Алиды восстали в Африке в 792 году, и Бармакиды подавили их. Беспорядки происходили в Дамаске, Мосуле, Египте, среди хариджитов, но сильные министры справились и с ними, и все это время халиф имел возможность продолжать свою деятельность в качестве покровителя поэзии и искусств. Вокруг него роились мудрецы, музыканты, остроумцы, поэты, законники и богословы, — он вдохновлял каждого, в соответствии с избранным поприщем. В 802 году на константинопольский трон сел новый император — место Ирины занял Никифор. Он заискивал перед Карлом Великим на Западе, а с Харуном на Востоке вел себя вызывающе. Халифу он прислал письмо, в котором говорилось: «От Никифора, царя греков, Харуну, царю арабов — Царица считала вас ладьей, а себя — пешкой:[94] она согласилась выплачивать вам дань, хотя на самом деле должна была взимать с вас вдвое больше. Теперь с вами говорит мужчина, поэтому вам надлежит прислать полученную дань обратно, в противном случае говорить будет меч!»

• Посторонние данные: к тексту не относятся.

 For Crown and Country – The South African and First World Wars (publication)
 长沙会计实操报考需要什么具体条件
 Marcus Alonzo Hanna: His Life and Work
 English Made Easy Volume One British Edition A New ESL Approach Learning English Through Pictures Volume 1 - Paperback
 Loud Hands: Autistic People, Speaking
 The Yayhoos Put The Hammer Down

На это высокомерное послание Харун отвечал:

Во имя Аллаха Всемилосердного!

Харун аль-Рашид, Повелитель Правоверных, —



Никифору, Ромейскому Псу.

Я прочел твое письмо, о сын неверной!

Мой ответ ты не услышишь, а увидишь своими глазами!

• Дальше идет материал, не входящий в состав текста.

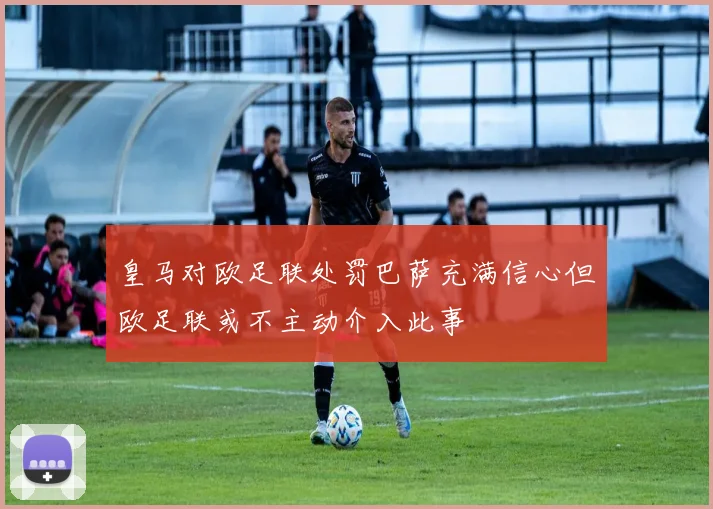 皇马对欧足联处罚巴萨充满信心但欧足联或不主动介入此事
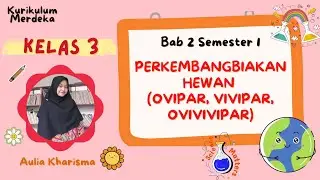 Cara Perkembangbiakan Hewan Ovipar,Vivipar,Ovovivipar  - IPAS Kelas 3 Bab 2 Kurikulum Merdeka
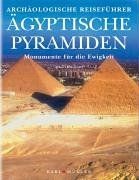 Ägyptische Pyramiden. Monumente für die Ewigkeit. A... | Buch | Zustand sehr gut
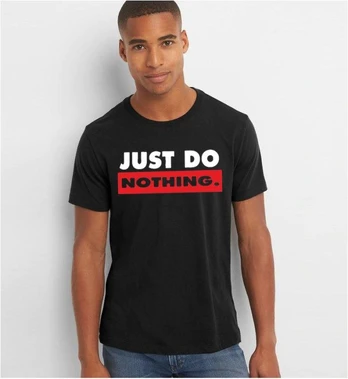 Just Do Nothing marškinėliai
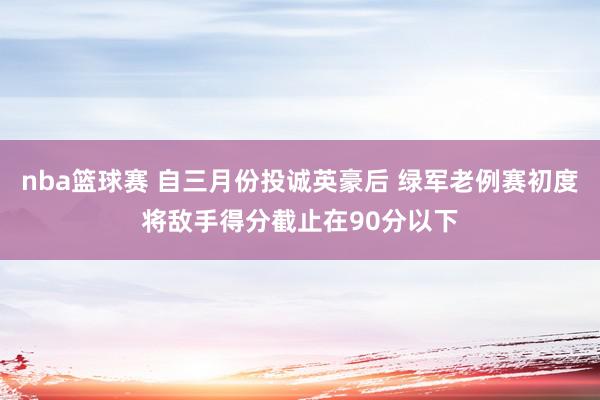 nba篮球赛 自三月份投诚英豪后 绿军老例赛初度将敌手得分截止在90分以下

Халиф двинул войска в тот же день. Он разграбил, предал огню и полностью покорил местность близ Гераклеи в Вифинии. Никифор запросил мира, который был ему дан при условии, что с этого момента обычную дань он будет платить дважды в год. Но едва халиф вернулся к себе во дворец, как вероломный император нарушил договор, и Харун пошел в новое наступление, на этот раз через горы Тавра, несмотря на беспощадный зимний холод, с армией из 125 тысяч человек. Вновь были захвачены Гераклея и другие крепости, оставшиеся неприкрытыми, — и мир был снова заключен.

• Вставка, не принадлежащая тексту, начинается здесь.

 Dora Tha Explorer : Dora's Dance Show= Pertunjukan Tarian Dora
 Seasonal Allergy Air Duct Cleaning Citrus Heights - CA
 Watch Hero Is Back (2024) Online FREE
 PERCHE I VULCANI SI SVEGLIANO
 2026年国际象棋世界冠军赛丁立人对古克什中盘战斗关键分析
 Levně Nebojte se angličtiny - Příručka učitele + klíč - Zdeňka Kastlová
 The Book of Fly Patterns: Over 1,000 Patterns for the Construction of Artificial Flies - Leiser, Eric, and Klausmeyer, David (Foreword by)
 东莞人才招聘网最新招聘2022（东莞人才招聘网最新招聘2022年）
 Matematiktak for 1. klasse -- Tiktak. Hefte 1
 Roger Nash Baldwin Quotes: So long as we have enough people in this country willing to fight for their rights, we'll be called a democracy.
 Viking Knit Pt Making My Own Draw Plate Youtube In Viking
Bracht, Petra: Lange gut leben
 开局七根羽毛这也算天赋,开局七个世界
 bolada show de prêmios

Примерно в то же время Харун почувствовал ревность к своим великим советникам — Бармакидам, один из которых втайне женился на его сестре. Халиф замыслил их погибель. С обычным восточным коварством все члены семьи под разными предлогами были брошены в тюрьму или умерщвлены, все до единого. В этом случае, как впрочем, и раньше в сарацинской истории, никакие доводы благодарности за сделанное, никакие заслуги верных слуг не принимались в расчет, хотя рассказывали, что Харун проливал слезы над судьбой двоих детей своей сестры и Яхьи. Но обычно не позволял подобной сентиментальной слабости. При дворе имелись враги Бармакидов, часть которых в свое время потеряла выгодные должности, которые достались фаворитам. Они-то и постарались усилить предубежденность халифа против тех, когда они впали в немилость. Будучи персами, они, естественно, вызывали кое у кого неприязнь, и враги упрекнули их в непочтительности к халифу и чрезмерном честолюбии. Когда им показалось, что подобные обвинения малоубедительны, они, не без оснований, бросили Бармакидам страшное обвинение в неверии. Несомненно, многие их считали за нигилистов, так как они проявляли недостаточно почтения к исламу. Сам Харун был крайним приверженцем веры, со всем тщанием соблюдал те религиозные предписания, которые не решался нарушать.[95] Какое-то время он не придавал значения обвинениям, но не замедлил воспользоваться ими, когда дело дошло до устранения бывших любимцев.

94

Ладья (или «тура») в шахматах может делать «длинные» ходы вдоль и поперек всей доски, тогда как пешка может двигаться по диагонали, но только на одну клетку.

95

Хотя ни один халиф не выполнял столь тщательно паломнический долг, как Харун, он полностью игнорировал запрет на вино, которое без ограничений пил во время пиров.